(Brief)
From the records below, output exactly the lines starting at the line with "Raghuraj Lifestyle Lucas" and ending at the line with "Magnetic Knife Boards", both of them included, but no pictures.

(Supplied records)
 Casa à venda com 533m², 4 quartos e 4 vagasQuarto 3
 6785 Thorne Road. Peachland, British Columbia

==

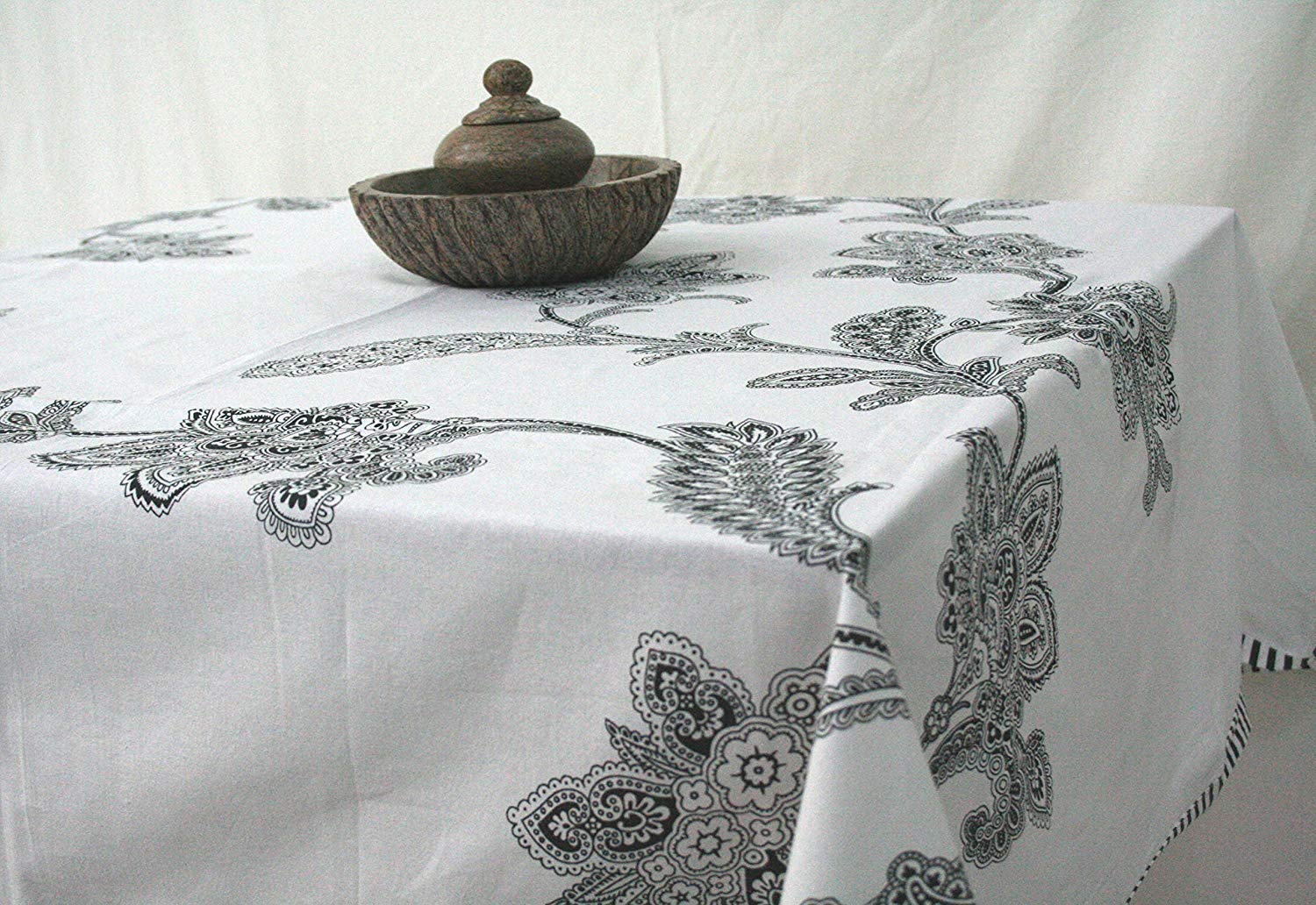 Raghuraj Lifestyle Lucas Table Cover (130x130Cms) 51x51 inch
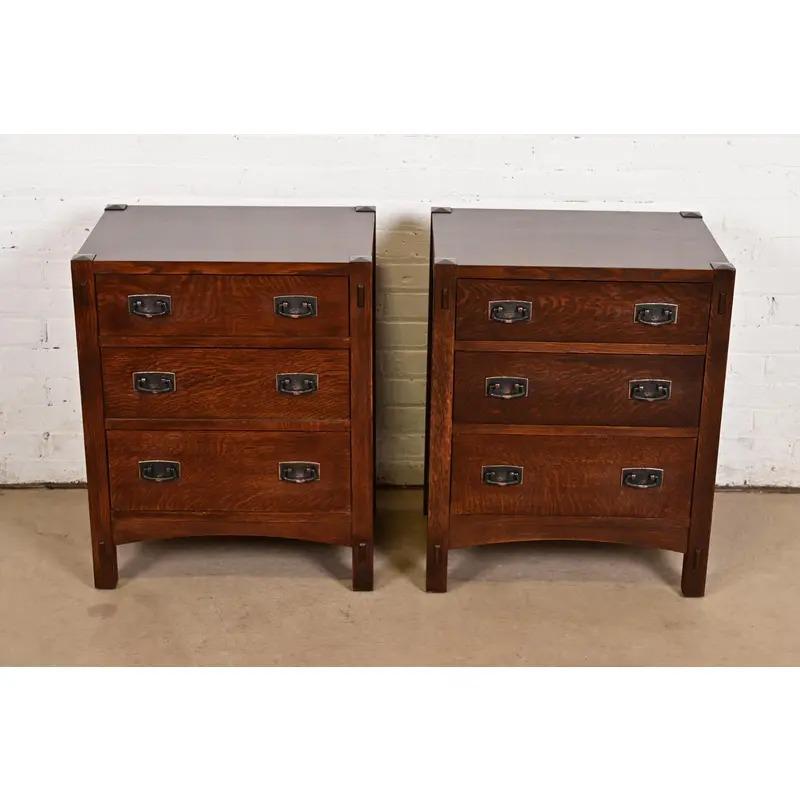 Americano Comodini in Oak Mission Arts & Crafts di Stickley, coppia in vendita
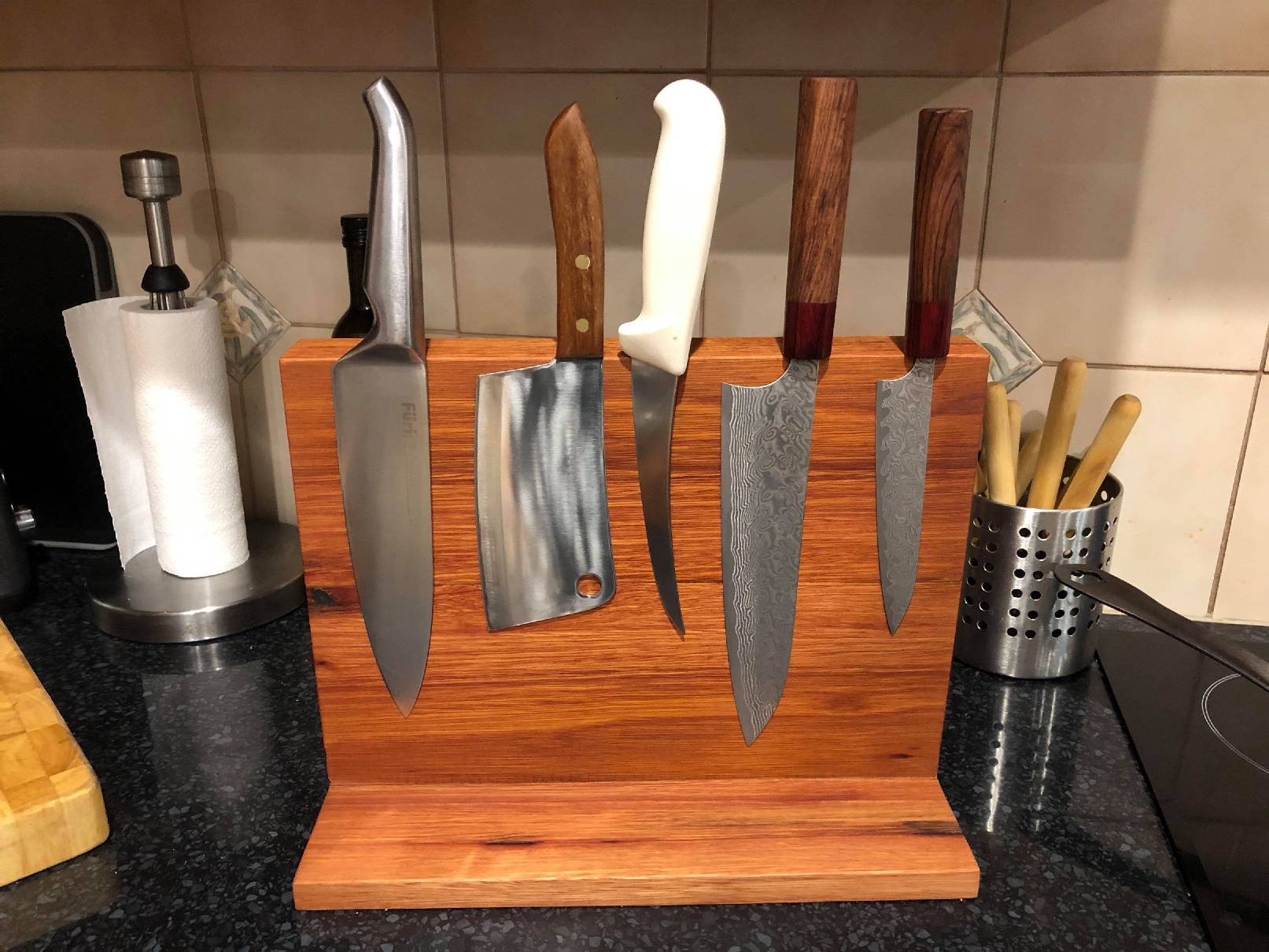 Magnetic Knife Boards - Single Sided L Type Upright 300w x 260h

(Solution to this task)
 Raghuraj Lifestyle Lucas Table Cover (130x130Cms) 51x51 inch
 Americano Comodini in Oak Mission Arts & Crafts di Stickley, coppia in vendita
 Magnetic Knife Boards - Single Sided L Type Upright 300w x 260h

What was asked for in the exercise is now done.